* **What you have to do**: Set down the lines that begin at the top of the records and end with the line containing "Grand Pedana side", and drop every picture.
[Stored data Boundary: Start]
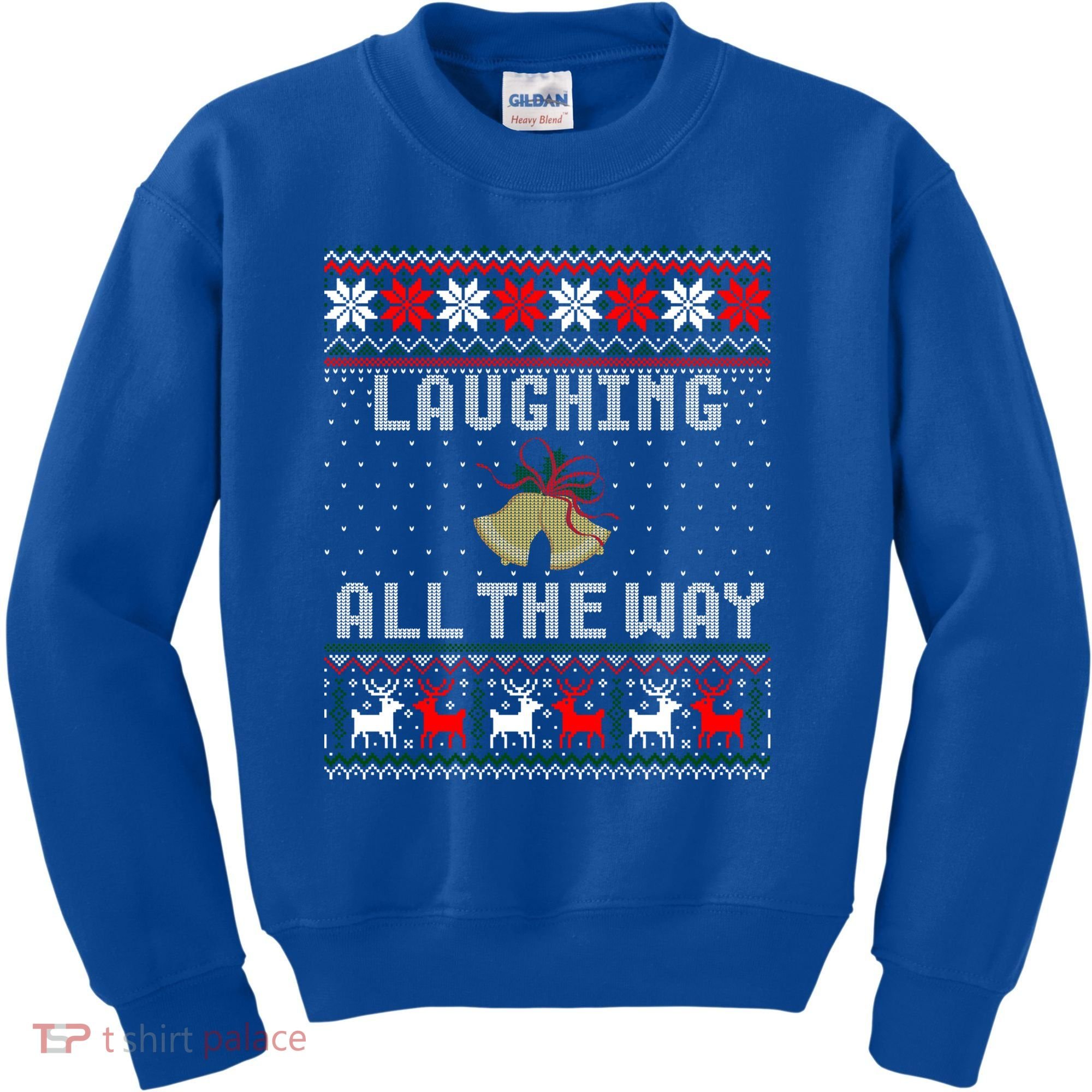 Laughing All The Way Jingle Bells Ugly Sweater Gift Kids Sweatshirt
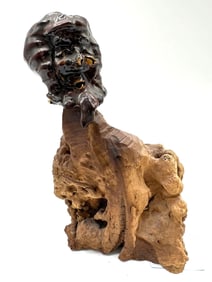 Signed Burl Wood Sculpture with Carved and Lacquered Face – Shep Shapiro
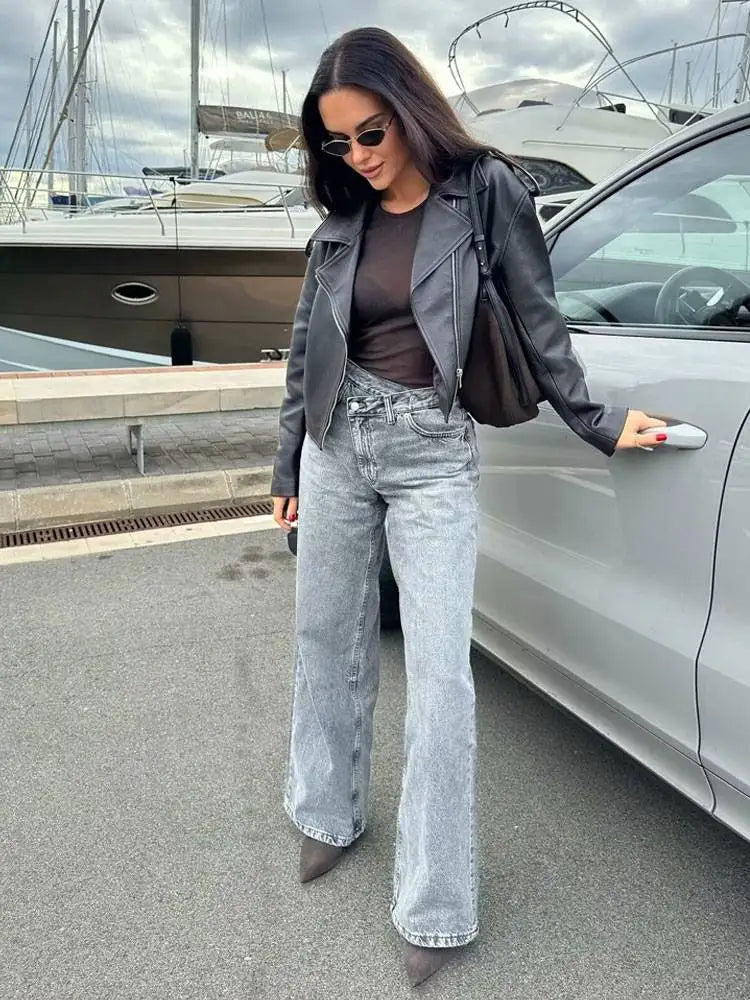 HH 2025 Summer Women's Fashionable Straight Jeans High Waist Vintage Zipper Women's Casual Jeans Commuting Streetwear Y2K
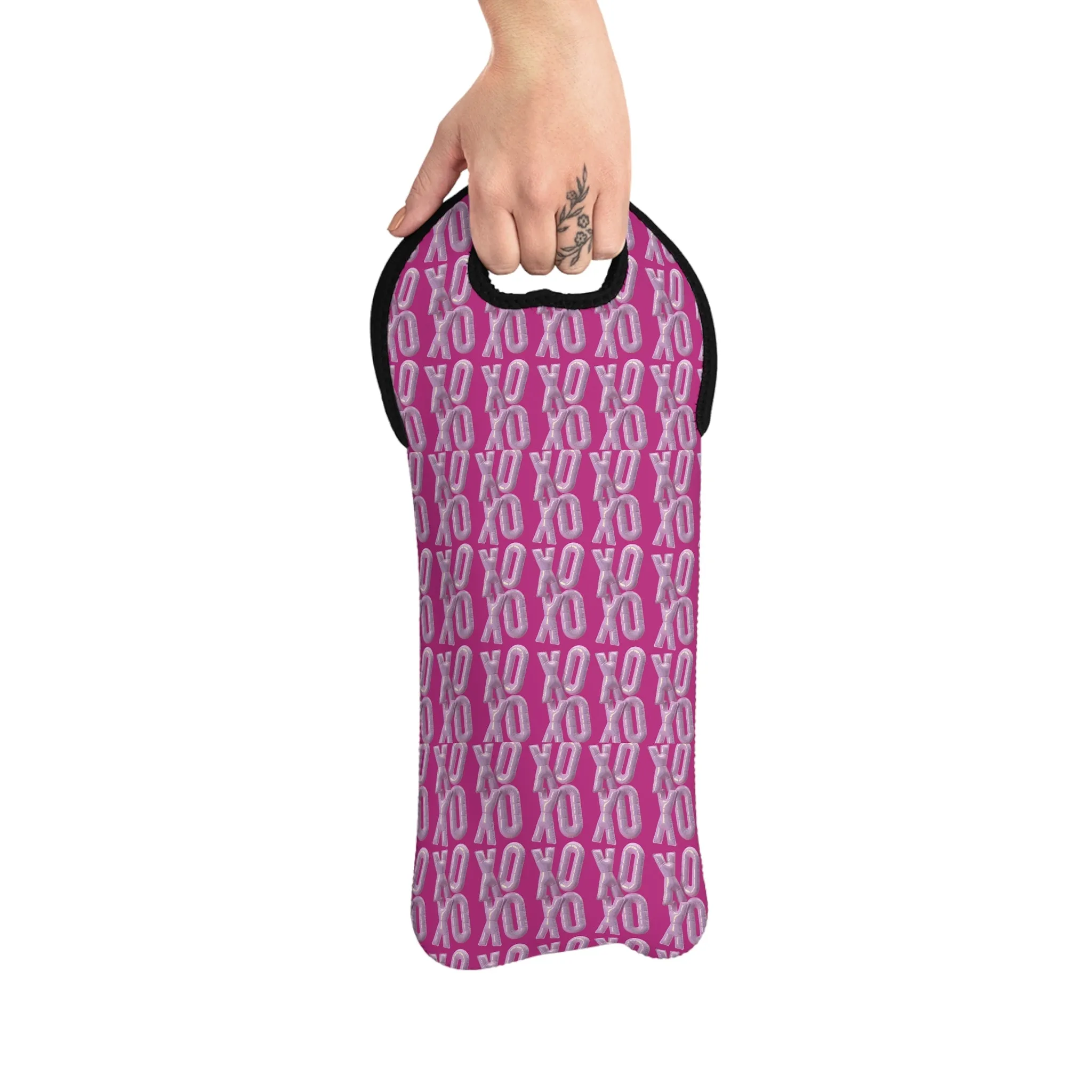 Wine Tote Bag: Kiss Kiss XOXO Design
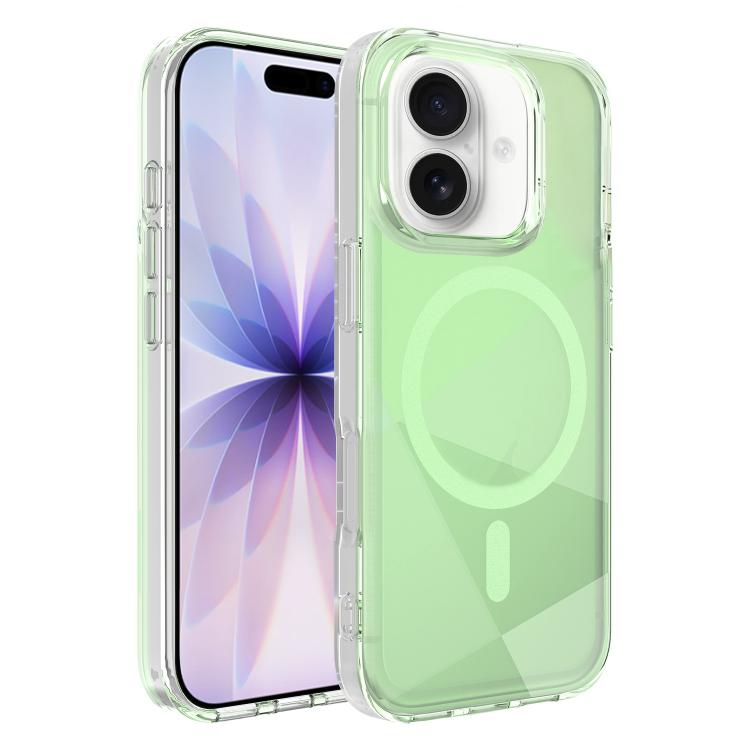 For iPhone 17 Neon Gradient Series Magnetic Phone Case(Green)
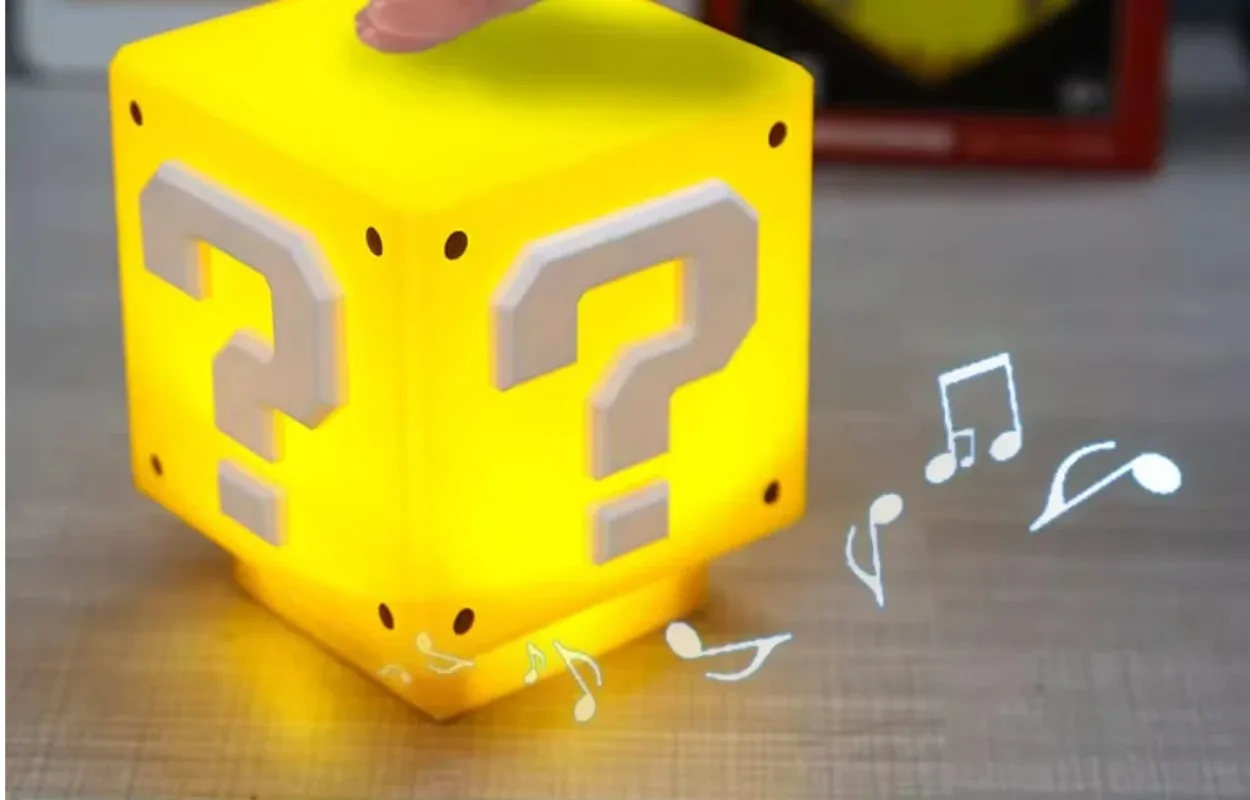AAAAAAANight Light with Question Mark Sound, Small, Square, Creative, Cartoon, Sensing USB Charging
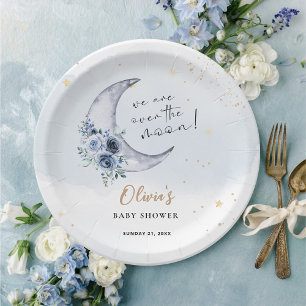 Assiettes En Carton Floral Sur Le Baby shower Lune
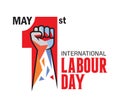 International Labour Day design poster with fist. 1st may celebration illustration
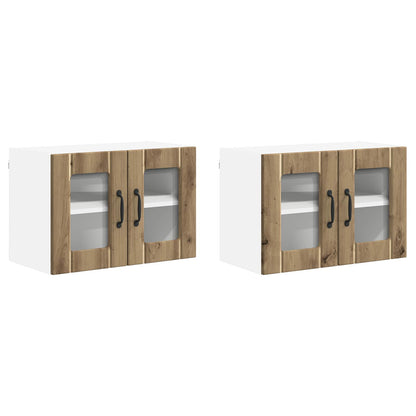 Mobile in vetro da parete LUCCA 2 pcs Rovere Artigianale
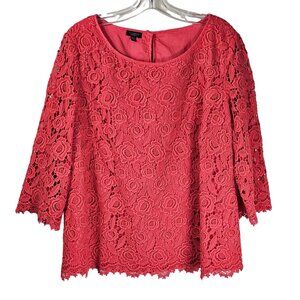 Talbots Lace Boatneck Floral Top‎ 18WP Chili Red 3/4 Sleeve Office Dressy Lined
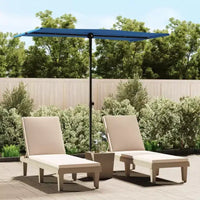vidaXL Parasol de jardin bleu azur 100 % polyester, aluminium, grand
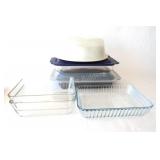 Pyrex Blue-Lidded & Handled  Dish Sets w Ecko Pan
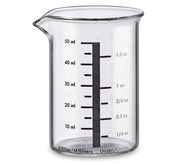 Glas-Messbecher mit 50 ml Kapazität, seitliche Ansicht mit Skala in Millilitern und Unzen.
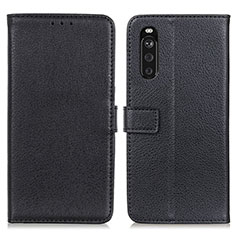 Leather Case Stands Flip Cover Holder D09Y for Sony Xperia 10 III Black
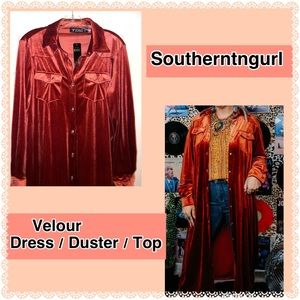 NWT LUCKY & BLESSED Velour Long Sleeve Button Down Maxi Dress Duster Shacket Top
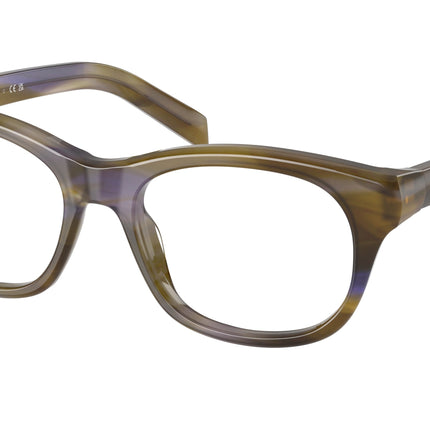 Prada PRC13V Pillow Eyeglasses  23G1O1-Striped Lagoon 54-140-18 - Color Map Brown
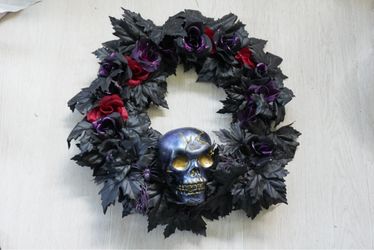 Gothic Halloween Skull Wreath with Black Roses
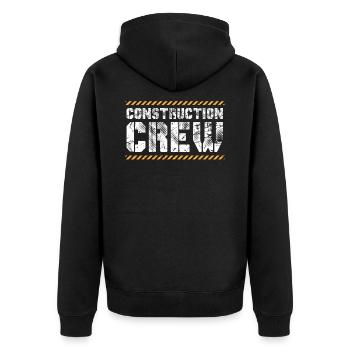 Bauarbeiter - Unisex Premium Bio Zip Hoodie - Schwarz - Hinten - Nico (187cm)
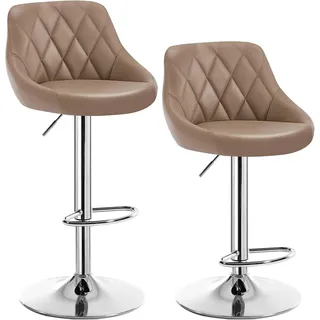 WOLTU 2er Set Barhocker Barstuhl leichte reinige Kunstleder, Gute gepolsterte Sitzfläche, Höhenverstellbar 360° Drehbar, Farbwahl, Khaki - Grün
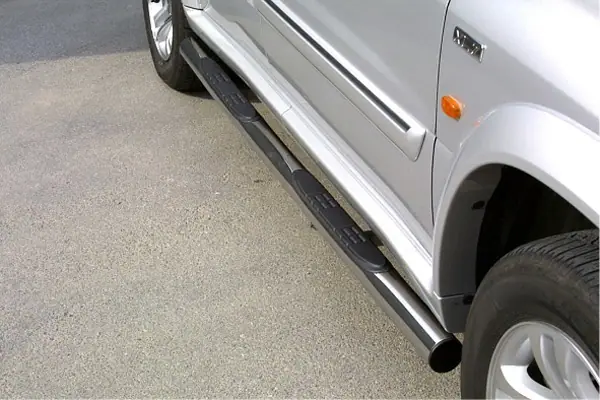 Grand Pedana side steps with plastic treads ø76, mirror polished — Suzuki Grand Vitara XL-7 (2005–2008)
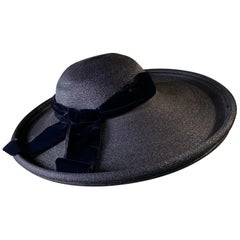 Vintage 1950s Patrice Model Navy Blue Straw Cartwheel Hat W/ Double-Layered Brim 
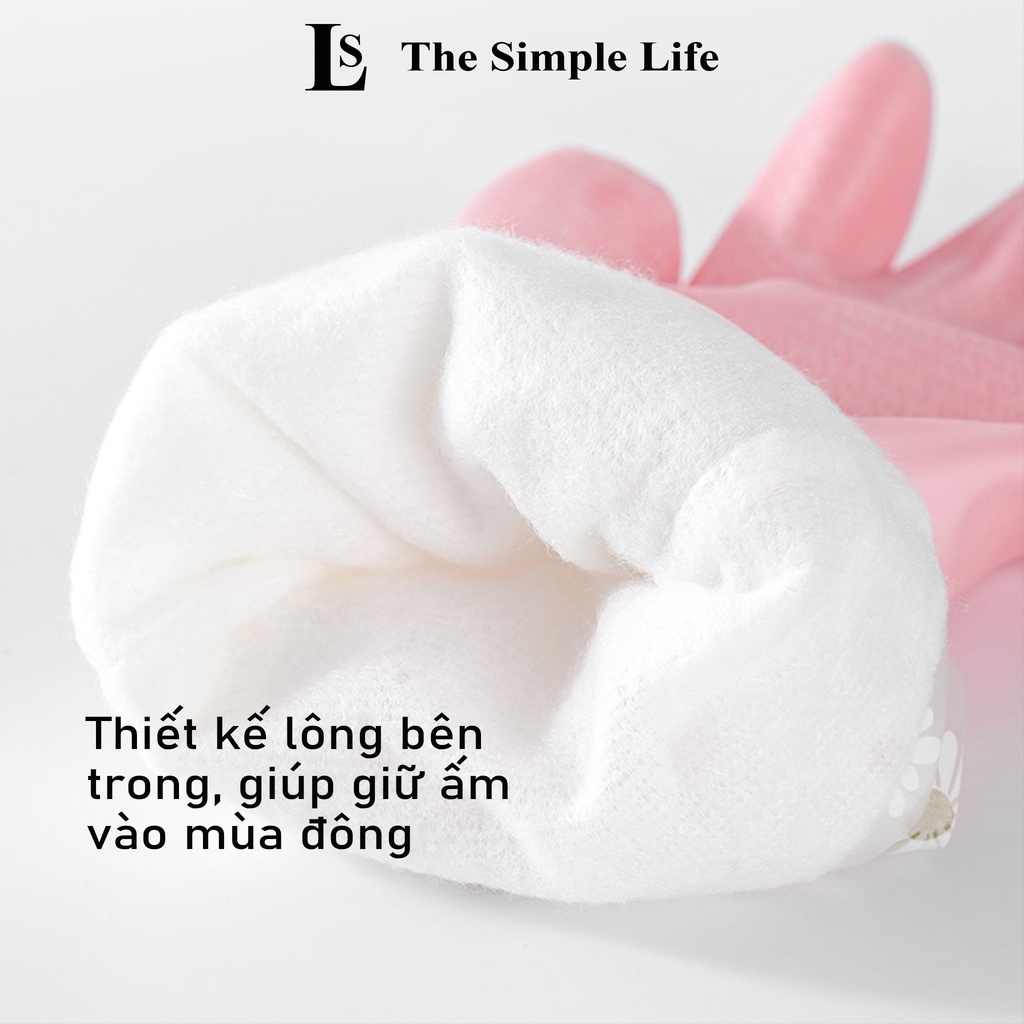 Găng tay rửa chén, bao tay cao su rửa chén, bát siêu dài lót nỉ chống trượt đa năng, cao cấp, bền bỉ [CHÍNH HÃNG]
[Stored data Boundary: End]
* **Expected answer**:
 Laughing All The Way Jingle Bells Ugly Sweater Gift Kids Sweatshirt
 Signed Burl Wood Sculpture with Carved and Lacquered Face – Shep Shapiro
 HH 2025 Summer Women's Fashionable Straight Jeans High Waist Vintage Zipper Women's Casual Jeans Commuting Streetwear Y2K
 Wine Tote Bag: Kiss Kiss XOXO Design
 For iPhone 17 Neon Gradient Series Magnetic Phone Case(Green)
AAAAAAANight Light with Question Mark Sound, Small, Square, Creative, Cartoon, Sensing USB Charging
 Assiettes En Carton Floral Sur Le Baby shower Lune
 International Labour Day design poster with fist. 1st may celebration illustration
 Mobile in vetro da parete LUCCA 2 pcs Rovere Artigianale
 Talbots Lace Boatneck Floral Top‎ 18WP Chili Red 3/4 Sleeve Office Dressy Lined
vidaXL Parasol de jardin bleu azur 100 % polyester, aluminium, grand
 Pyrex Blue-Lidded & Handled  Dish Sets w Ecko Pan
 Glas-Messbecher mit 50 ml Kapazität, seitliche Ansicht mit Skala in Millilitern und Unzen.
 Leather Case Stands Flip Cover Holder D09Y for Sony Xperia 10 III Black
 NWT LUCKY & BLESSED Velour Long Sleeve Button Down Maxi Dress Duster Shacket Top
 Prada PRC13V Pillow Eyeglasses  23G1O1-Striped Lagoon 54-140-18 - Color Map Brown
 Gothic Halloween Skull Wreath with Black Roses
 Bauarbeiter - Unisex Premium Bio Zip Hoodie - Schwarz - Hinten - Nico (187cm)
 WOLTU 2er Set Barhocker Barstuhl leichte reinige Kunstleder, Gute gepolsterte Sitzfläche, Höhenverstellbar 360° Drehbar, Farbwahl, Khaki - Grün
 Grand Pedana side steps with plastic treads ø76, mirror polished — Suzuki Grand Vitara XL-7 (2005–2008)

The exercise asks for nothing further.